===== Source data =====
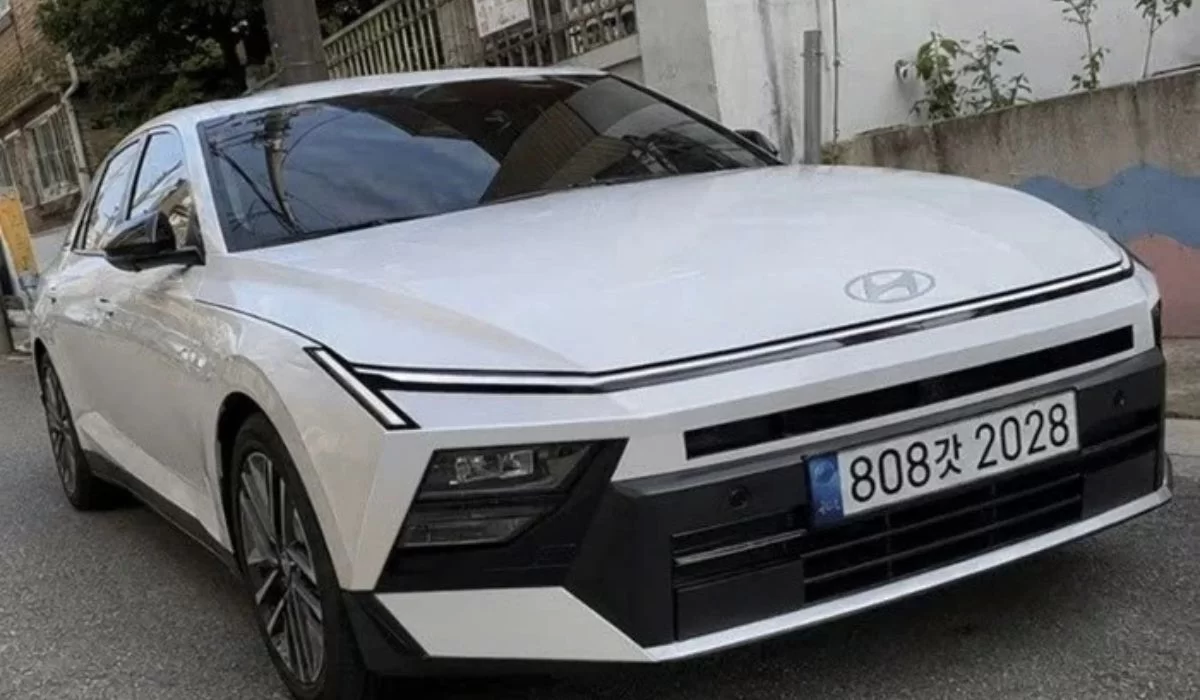 Hyundai Elantra 2027 заметили на тестах: что изменится в новом седане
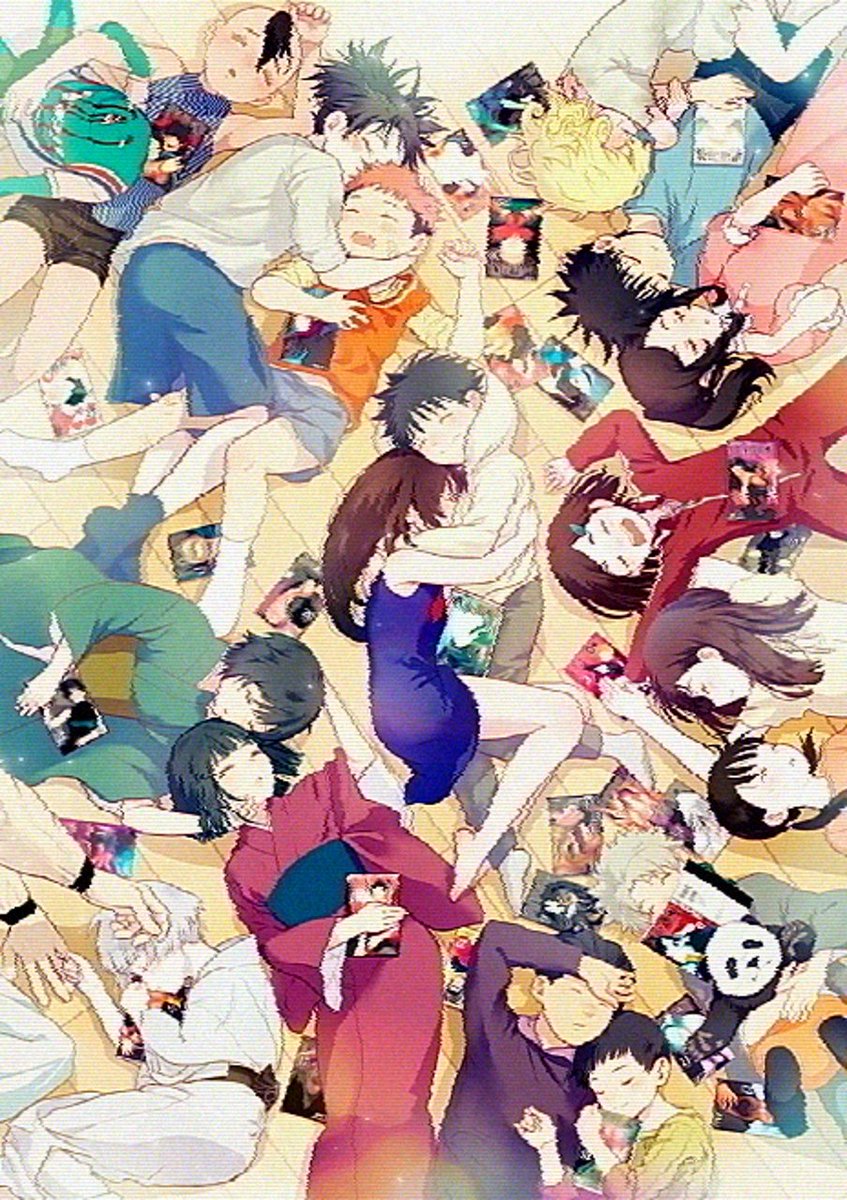 とくせく tweet media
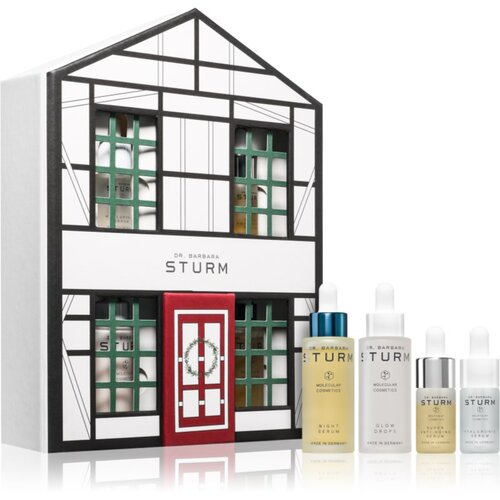 Dr. Barbara Sturm The Serum House Set set za njegu lica Cijene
=====
Every line of the material must be repeated exactly; pictures stay out.

 Hyundai Elantra 2027 заметили на тестах: что изменится в новом седане
 とくせく tweet media
 Dr. Barbara Sturm The Serum House Set set za njegu lica Cijene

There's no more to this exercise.